■ **Aim of the exercise**
Output the records that follow exactly as they are written.

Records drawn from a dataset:
• • • •

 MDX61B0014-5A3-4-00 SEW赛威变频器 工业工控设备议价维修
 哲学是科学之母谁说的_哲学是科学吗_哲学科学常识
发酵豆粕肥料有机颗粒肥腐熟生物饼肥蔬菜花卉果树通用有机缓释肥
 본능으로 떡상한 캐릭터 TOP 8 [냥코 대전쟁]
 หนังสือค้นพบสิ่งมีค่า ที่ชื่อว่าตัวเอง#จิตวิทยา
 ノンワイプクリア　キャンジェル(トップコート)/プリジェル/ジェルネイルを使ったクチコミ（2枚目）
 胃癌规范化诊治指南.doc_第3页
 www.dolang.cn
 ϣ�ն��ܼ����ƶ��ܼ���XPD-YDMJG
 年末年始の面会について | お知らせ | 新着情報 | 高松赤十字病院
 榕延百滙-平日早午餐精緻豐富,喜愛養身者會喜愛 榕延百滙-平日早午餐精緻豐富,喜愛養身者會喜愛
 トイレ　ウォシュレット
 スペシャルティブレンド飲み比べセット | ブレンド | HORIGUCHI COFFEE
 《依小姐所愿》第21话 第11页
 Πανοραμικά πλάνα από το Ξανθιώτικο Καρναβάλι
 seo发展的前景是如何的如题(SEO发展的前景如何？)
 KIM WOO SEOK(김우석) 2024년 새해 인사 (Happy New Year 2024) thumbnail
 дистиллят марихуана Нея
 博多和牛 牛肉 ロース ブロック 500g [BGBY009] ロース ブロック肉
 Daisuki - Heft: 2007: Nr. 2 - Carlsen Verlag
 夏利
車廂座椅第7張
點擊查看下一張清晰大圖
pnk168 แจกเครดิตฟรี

• • • •

■ **Your response**
 MDX61B0014-5A3-4-00 SEW赛威变频器 工业工控设备议价维修
 哲学是科学之母谁说的_哲学是科学吗_哲学科学常识
发酵豆粕肥料有机颗粒肥腐熟生物饼肥蔬菜花卉果树通用有机缓释肥
 본능으로 떡상한 캐릭터 TOP 8 [냥코 대전쟁]
 หนังสือค้นพบสิ่งมีค่า ที่ชื่อว่าตัวเอง#จิตวิทยา
 ノンワイプクリア　キャンジェル(トップコート)/プリジェル/ジェルネイルを使ったクチコミ（2枚目）
 胃癌规范化诊治指南.doc_第3页
 www.dolang.cn
 ϣ�ն��ܼ����ƶ��ܼ���XPD-YDMJG
 年末年始の面会について | お知らせ | 新着情報 | 高松赤十字病院
 榕延百滙-平日早午餐精緻豐富,喜愛養身者會喜愛 榕延百滙-平日早午餐精緻豐富,喜愛養身者會喜愛
 トイレ　ウォシュレット
 スペシャルティブレンド飲み比べセット | ブレンド | HORIGUCHI COFFEE
 《依小姐所愿》第21话 第11页
 Πανοραμικά πλάνα από το Ξανθιώτικο Καρναβάλι
 seo发展的前景是如何的如题(SEO发展的前景如何？)
 KIM WOO SEOK(김우석) 2024년 새해 인사 (Happy New Year 2024) thumbnail
 дистиллят марихуана Нея
 博多和牛 牛肉 ロース ブロック 500g [BGBY009] ロース ブロック肉
 Daisuki - Heft: 2007: Nr. 2 - Carlsen Verlag
 夏利
車廂座椅第7張
點擊查看下一張清晰大圖
pnk168 แจกเครดิตฟรี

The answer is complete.